### Task to carry out:
Copy out the records precisely, omitting pictures.
+++ Records
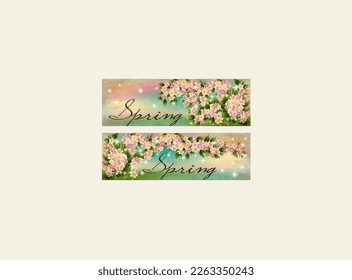 Spring banners with  cherry flowers. vector illustration	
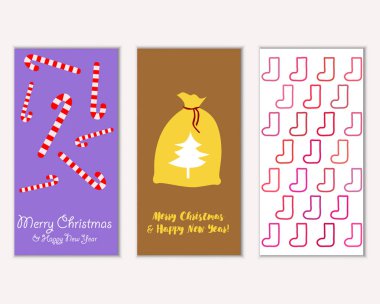 Mutlu Noeller ve mutlu yeni yıl tebrik kartları. Vektör çizim   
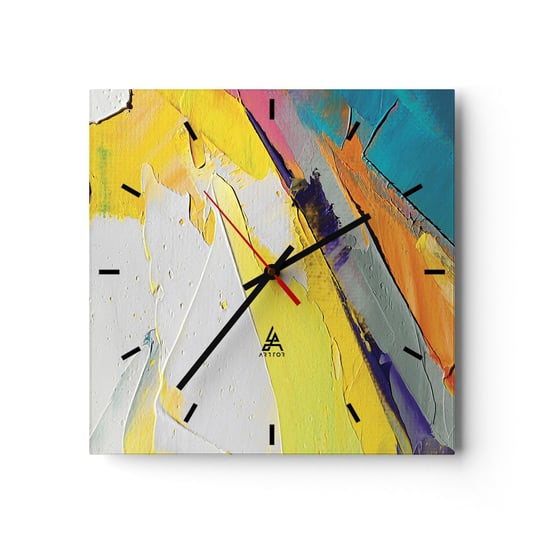 Zegar ścienny - Anatomia światła - 30x30cm - Abstrakcja Sztuka 3D - Kwadratowy zegar na szkle - Nowoczeny Stylowy Zegar do salonu do kuchni - Cichy i Modny zegar ARTTOR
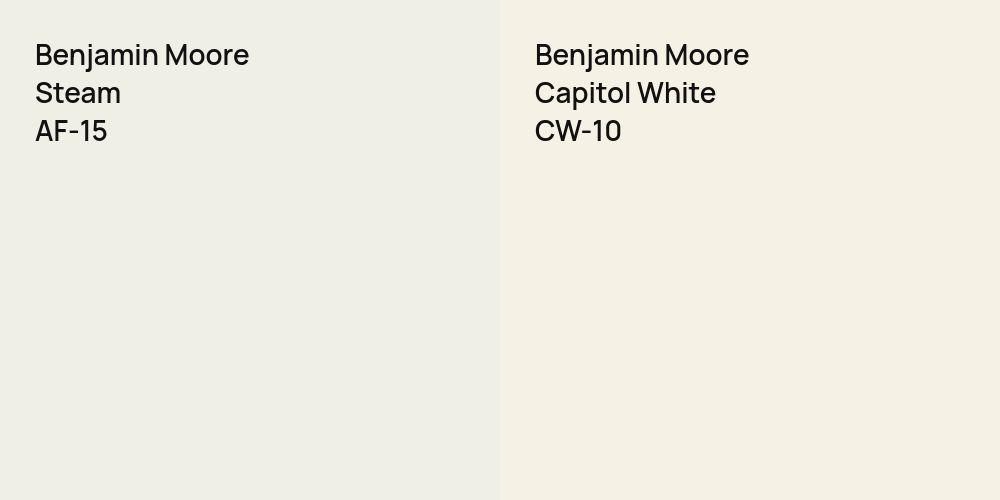 Benjamin Moore Steam vs. Benjamin Moore Capitol White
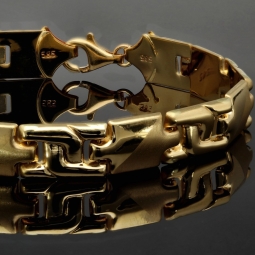 Hochwertig produziertes Gold-Armband aus 14K 585 Gelbgold (ca. 22 cm Länge, 10mm Breite) mit halb poliertem und halb mattiertem Design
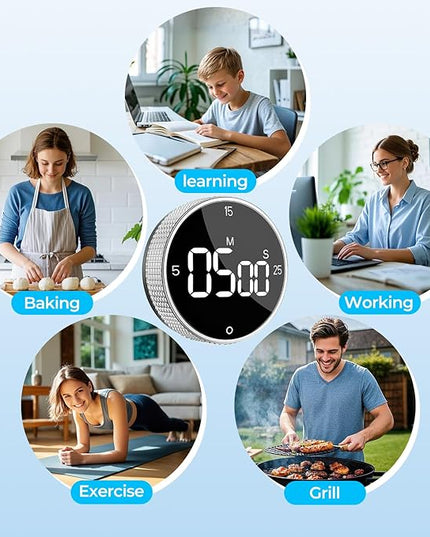USB Rechargeable Magnetic Kitchen Timer for Cooking, Building 800mAh Battery Large Display Digital Countdown Timer, 3 Preset 5/15/25 Mins Loud Alarm for Baking Grilling Studying - Silver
++++++
### Solution to this exercise:
 Spring banners with  cherry flowers. vector illustration	
 Mutlu Noeller ve mutlu yeni yıl tebrik kartları. Vektör çizim   
 Zegar ścienny - Anatomia światła - 30x30cm - Abstrakcja Sztuka 3D - Kwadratowy zegar na szkle - Nowoczeny Stylowy Zegar do salonu do kuchni - Cichy i Modny zegar ARTTOR
 Benjamin Moore Steam vs. Benjamin Moore Capitol White
 Hochwertig produziertes Gold-Armband aus 14K 585 Gelbgold (ca. 22 cm Länge, 10mm Breite) mit halb poliertem und halb mattiertem Design
USB Rechargeable Magnetic Kitchen Timer for Cooking, Building 800mAh Battery Large Display Digital Countdown Timer, 3 Preset 5/15/25 Mins Loud Alarm for Baking Grilling Studying - Silver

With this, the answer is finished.